“Dancing in Unison” by Sam Lo and Bhajju Shyam on Broadway Hotel, Singapore
Street art can make a city feel like an open-air gallery, presenting passersby with a wonderful opportunity to interact with the conversations and communities that make up the fabric of a neighbourhood. Singapore’s latest–and one of its tallest–murals is “Dancing in Unison”, which was just unveiled at the seven-storey Broadway Hotel in Little India.
Sam Lo, a Singaporean artist known for the sociopolitical commentary in her art, and Bhajju Shyam, a Gond artist from Madhya Pradesh who was awarded the Padma Shri in 2018, had both created murals at 2019’s Lodhi Art Festival in Delhi. This year, St+Art India Foundation and the Singapore Tourism Board collaborated for the third time to bring the two artists together on a shared canvas for “Dancing in Unison”—no easy task with coronavirus-induced restrictions.
The artists planned the mural over months of virtual meetings, with Sam Lo eventually painting the facade of the Broadway Hotel. Their cross-border process echoes the theme “In Spite Of”—artists overcoming limitations and boundaries to create—at Artwalk 2021, a public arts project that brings out the traditions and history of Singapore’s Little India cultural precinct.
“Dancing in Unison” highlights the importance of living and moving in harmony with nature, especially in a city. The work fuses traditional and contemporary elements; viewers may recognise the sparrows and ribbons from Sam Lo’s “Cause and Effect” at the Lodhi Art Festival, as well as the Gond theme of celebrating the interconnectedness of life through the synergy of trees and animals.

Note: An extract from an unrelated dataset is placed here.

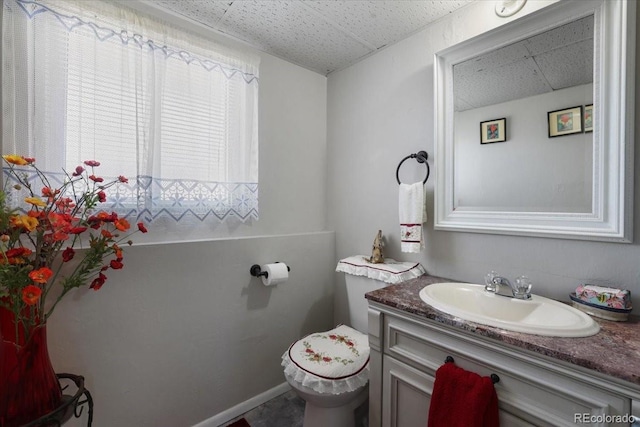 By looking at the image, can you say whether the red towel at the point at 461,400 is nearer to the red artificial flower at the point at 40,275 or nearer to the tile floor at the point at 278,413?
the tile floor at the point at 278,413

“The tree,” the press release notes, “an iconic element from Gond art designed by Bhajju, engulfs the urban environment of human dwelling (personified by the windows of the building), becomes a metaphor for the universe where everything is interconnected from the land to the air. Its branches host vibrantly coloured sparrows, an element which re-occurs in Sam’s work, as a symbol of freedom, being one of the most common birds in India and Singapore. Sam’s deer, a revered animal in India, serves as a tribute to Gond art, another common element from it, which in this gentle appropriation, manifests our contemporary interconnection where elements from different cultures are seen blending together in our globalised and accessible world. Sam further reinforces this idea by designing a red ribbon, another common element in their work, as a reminder of an omnipresent energy that connects us all, and one which connects her beliefs with those at the core of Gond art.”